ANA FRIDA – Eu fui a única e a primeira.

SOLANGE - A senhora não tinha modelo, era jovenzinha e trabalhava com isso.

Primeiro que as mulheres não trabalhavam muito, segundo que a senhora já tava

numa profissão difícil e que não tinha uma referência.

ALEXANDRE – Com quantos anos a senhora conheceu o Civita?

ANA FRIDA – Numa academia de ginástica, através do filho dele.
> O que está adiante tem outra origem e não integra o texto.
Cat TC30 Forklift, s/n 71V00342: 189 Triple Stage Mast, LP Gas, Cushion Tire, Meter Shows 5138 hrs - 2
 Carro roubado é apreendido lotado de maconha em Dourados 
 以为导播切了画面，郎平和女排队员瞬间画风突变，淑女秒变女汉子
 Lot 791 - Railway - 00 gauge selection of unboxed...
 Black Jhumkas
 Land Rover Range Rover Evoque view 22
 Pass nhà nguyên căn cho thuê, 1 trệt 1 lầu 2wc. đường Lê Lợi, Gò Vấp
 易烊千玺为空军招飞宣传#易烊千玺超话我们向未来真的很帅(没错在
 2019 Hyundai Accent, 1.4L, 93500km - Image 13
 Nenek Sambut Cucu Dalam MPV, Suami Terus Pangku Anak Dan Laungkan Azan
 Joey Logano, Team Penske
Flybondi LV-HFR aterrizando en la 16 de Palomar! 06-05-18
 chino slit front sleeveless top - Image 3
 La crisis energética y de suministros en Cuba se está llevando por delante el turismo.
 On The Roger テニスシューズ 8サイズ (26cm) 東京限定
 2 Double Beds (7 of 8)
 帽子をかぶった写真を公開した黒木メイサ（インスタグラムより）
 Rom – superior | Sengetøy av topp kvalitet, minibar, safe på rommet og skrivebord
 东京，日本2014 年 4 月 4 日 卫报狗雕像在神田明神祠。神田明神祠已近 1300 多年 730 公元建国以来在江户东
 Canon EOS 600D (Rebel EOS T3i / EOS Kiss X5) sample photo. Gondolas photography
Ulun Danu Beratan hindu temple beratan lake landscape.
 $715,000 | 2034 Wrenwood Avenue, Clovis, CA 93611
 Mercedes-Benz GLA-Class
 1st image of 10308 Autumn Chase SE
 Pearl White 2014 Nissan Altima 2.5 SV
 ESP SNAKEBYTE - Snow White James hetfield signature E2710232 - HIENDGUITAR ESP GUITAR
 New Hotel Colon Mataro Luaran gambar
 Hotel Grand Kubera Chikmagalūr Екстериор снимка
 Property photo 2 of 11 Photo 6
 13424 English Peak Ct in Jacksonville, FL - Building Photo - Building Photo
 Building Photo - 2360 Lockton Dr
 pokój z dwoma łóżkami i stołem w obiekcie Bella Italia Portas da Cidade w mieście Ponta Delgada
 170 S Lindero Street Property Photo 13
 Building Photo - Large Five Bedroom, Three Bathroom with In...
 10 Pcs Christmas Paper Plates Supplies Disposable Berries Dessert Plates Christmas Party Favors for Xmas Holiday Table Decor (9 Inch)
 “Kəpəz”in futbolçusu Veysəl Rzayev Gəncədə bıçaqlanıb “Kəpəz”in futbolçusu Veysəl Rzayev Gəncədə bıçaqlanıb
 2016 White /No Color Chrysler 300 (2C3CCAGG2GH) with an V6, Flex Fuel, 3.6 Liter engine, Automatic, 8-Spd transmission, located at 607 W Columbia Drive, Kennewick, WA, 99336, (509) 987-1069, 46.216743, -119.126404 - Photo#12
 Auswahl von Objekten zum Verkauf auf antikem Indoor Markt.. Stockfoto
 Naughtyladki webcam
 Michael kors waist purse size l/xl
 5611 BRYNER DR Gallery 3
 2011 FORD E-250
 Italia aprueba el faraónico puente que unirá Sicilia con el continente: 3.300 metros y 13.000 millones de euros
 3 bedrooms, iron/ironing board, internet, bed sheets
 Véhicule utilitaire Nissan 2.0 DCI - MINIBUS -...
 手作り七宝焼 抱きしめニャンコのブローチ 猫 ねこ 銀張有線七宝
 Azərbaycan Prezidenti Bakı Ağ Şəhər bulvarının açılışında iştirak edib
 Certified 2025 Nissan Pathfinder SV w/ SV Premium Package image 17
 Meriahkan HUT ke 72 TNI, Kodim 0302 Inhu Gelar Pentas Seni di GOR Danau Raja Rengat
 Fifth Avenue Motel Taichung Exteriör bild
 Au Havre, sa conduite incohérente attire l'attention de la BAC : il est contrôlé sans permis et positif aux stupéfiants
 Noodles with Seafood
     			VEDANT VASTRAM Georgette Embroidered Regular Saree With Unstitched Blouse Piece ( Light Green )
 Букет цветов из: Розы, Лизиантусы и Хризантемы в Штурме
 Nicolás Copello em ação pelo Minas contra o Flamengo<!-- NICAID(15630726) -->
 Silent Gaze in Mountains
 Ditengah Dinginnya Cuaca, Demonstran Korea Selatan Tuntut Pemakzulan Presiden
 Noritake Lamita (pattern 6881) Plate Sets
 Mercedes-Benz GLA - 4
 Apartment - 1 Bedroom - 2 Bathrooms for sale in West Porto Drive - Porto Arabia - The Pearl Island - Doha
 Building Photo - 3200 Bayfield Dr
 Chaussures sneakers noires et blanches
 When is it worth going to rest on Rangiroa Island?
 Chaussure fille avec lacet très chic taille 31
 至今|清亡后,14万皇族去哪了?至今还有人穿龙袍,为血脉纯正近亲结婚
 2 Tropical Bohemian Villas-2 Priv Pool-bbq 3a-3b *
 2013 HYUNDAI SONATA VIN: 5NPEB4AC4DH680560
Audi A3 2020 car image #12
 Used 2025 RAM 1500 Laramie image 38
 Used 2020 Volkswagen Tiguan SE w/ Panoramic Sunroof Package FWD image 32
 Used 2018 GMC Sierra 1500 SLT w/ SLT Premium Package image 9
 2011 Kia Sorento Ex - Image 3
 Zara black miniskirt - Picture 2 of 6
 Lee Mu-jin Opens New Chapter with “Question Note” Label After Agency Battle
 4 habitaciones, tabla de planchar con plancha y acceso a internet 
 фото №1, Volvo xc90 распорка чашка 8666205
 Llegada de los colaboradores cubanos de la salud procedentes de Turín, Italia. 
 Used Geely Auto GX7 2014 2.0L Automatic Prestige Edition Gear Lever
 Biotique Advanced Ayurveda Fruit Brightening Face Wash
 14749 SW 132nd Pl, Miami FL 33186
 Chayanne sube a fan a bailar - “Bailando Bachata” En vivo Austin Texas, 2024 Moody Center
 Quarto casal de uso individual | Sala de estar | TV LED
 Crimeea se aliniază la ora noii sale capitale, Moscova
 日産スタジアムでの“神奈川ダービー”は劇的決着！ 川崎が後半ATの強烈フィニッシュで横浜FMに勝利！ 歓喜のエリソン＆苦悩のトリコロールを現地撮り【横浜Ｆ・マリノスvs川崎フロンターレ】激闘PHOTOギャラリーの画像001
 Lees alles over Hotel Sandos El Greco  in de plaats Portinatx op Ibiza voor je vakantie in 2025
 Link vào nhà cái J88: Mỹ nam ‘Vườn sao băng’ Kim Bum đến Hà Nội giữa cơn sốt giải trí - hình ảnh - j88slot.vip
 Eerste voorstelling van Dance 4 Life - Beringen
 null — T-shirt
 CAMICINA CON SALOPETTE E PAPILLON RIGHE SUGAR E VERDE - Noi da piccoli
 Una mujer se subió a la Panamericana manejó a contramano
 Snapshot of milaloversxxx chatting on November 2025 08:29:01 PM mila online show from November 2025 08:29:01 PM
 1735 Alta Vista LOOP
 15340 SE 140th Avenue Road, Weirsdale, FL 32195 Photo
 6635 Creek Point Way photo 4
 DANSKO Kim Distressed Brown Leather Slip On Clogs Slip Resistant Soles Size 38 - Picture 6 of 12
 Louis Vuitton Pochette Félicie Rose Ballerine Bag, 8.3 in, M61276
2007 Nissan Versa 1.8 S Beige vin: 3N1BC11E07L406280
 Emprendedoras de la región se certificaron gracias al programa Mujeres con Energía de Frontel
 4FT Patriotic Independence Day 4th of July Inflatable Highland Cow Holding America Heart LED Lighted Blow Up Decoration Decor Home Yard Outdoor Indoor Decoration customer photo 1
SOLANGE – Deixa eu perguntar uma coisa para a senhora : a senhora chegou no

Brasil, trabalhou para essa senhora. Eu tô lembrando da sua história, a senhora

trabalhou com ela, a senhora ajudava a comprar tecido com ela, daí depois a

senhora entrou na Abril.

ANA FRIDA – Eu entrei trabalhando como diretora.

SOLANGE – Já entrou trabalhando como diretora?

ANA FRIDA – Amiga, Manequim, fazia reportagens.

SOLANGE – A senhora não tinha experiência, era jovenzinha, e, ao mesmo tempo, a

senhora era diretora.

SUZANA – E ao mesmo tempo a senhora era diretora de moda de todas as revistas.

ANA FRIDA – Todas.

ALEXANDRE – Como era o Civita? Como era trabalhar com ele?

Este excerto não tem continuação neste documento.